The 1989 agreement said Lilly was entitled to reimbursement only if it invested at least $168 million in improvements at its Technology Center along Harding Street. The company told the city in a March 1998 letter that its investments at the facility since Jan. 1, 1989, had totaled $357 million.

In 1999, the company announced a 10-year, $1 billion expansion in Indianapolis, a commitment Lilly spokesman Ed Sagebiel says the company also has met.

Yet during the North of South negotiations, Lilly was “doing cartwheels” to rid itself of its guarantee to cover bond payment shortfalls on the Harding Street project, Kintner said.

David Lewis, Lilly’s vice president of taxes, said the company hadn’t anticipated it would ever need to make the payments. He said “nothing comes to mind” on why the property taxes came up short of covering the bond payments.

“Assessed values used in the forecast and the ultimate values were different,” he said.

So did the city get enough in return for releasing Lilly from its obligation to backstop the bond payments?

“We negotiated with them for quite some time,” Kintner said. “Instead of a bonus to executives, they agreed to reinvest it into downtown.”
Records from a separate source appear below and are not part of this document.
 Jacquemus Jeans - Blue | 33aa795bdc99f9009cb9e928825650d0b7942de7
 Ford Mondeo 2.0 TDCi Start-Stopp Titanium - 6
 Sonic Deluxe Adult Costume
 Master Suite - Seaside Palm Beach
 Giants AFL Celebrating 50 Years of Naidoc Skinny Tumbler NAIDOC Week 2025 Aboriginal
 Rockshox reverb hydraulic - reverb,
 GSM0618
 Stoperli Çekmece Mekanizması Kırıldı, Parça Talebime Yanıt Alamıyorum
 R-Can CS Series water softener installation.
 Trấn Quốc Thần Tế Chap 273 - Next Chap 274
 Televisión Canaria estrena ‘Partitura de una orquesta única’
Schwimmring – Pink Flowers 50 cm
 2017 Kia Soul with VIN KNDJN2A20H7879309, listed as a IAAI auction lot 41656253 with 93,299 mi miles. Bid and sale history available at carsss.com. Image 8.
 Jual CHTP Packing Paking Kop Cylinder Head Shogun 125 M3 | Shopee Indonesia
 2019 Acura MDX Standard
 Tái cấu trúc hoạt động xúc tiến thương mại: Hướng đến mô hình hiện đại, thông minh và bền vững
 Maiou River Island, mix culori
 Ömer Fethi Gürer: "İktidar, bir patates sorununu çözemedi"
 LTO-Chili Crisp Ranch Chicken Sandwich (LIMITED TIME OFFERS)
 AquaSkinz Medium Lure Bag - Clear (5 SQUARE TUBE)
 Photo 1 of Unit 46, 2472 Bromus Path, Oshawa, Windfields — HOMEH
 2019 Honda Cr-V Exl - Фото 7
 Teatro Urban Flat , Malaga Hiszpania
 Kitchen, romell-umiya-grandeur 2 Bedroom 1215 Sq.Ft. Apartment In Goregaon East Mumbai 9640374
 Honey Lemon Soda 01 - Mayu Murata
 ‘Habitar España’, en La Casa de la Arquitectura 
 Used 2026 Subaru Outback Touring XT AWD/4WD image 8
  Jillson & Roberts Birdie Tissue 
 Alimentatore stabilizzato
The payments between the city and Lilly seem murky to Christopher Steele, an economic development and site-selection consultant and president of Massachusetts-based CWS Consulting Group.

Steele applauds local governments that find creative ways to partner with developers after “sober reflection” to attain “broader public goals.”

But Steele, who reviewed the documents at IBJ’s request, described the agreements as “poorly negotiated.” He can’t quite understand how, if a company doesn’t pay enough property taxes to cover the bonds for its own infrastructure improvements, the city could wind up in arrears.

“There are very good and effective ways of structuring incentive and tax programs to build a strong and mutually reinforcing situation between company and community,” Steele said. “This is not one of them.”

He described the commitment that Lilly reinvest the proceeds in the North of South project as “trying to make a very bad deal better.”

Misplaced priorities?

Taxpayers are being fleeced, plain and simple, for a project that offers no clear benefit to the public, said Julia Vaughn, policy director for the government watchdog Common Cause Indiana.

If North of South really were such a certain success, the developers should have been willing to part with some of their own money to help finance it, she said.

“It really shows what the city’s priorities are,” Vaughn said. “We’re going to help out a private developer and one of the largest pharmaceutical companies in the world, yet we’ve got a second-rate public transport system, infrastructure is falling apart, neighborhoods have so many needs. But apparently the checkbook is open if you’re the right corporate citizen.”

The arrangement sounds like the deal between the city and the Indianapolis Colts that paved the way for Lucas Oil Stadium, said Gary Welsh, author of the cantankerous political blog Advance Indiana.

The city under former Mayor Bart Peterson credited the Colts with contributing about $100 million toward the stadium, but the claim was disingenuous at best: The team had simply agreed to waive the lease-termination fee on the RCA Dome in exchange for a state-of-the-art new stadium.

Welsh’s problem with deals like North of South is that they prevent property taxes collected downtown from going to anything other than new downtown projects, to the detriment of neighborhoods and schools.

“They always make those deals so complicated, deliberately so, to confuse people and make it seem like money is coming out of someone’s pocket that it really isn’t,” Welsh said.

But for Buckingham and Lilly, North of South makes perfect sense.

“It’s the deal of a lifetime,” said one local developer who would have bid on the project if given the opportunity. “I can’t imagine there would ever be anything like this again.”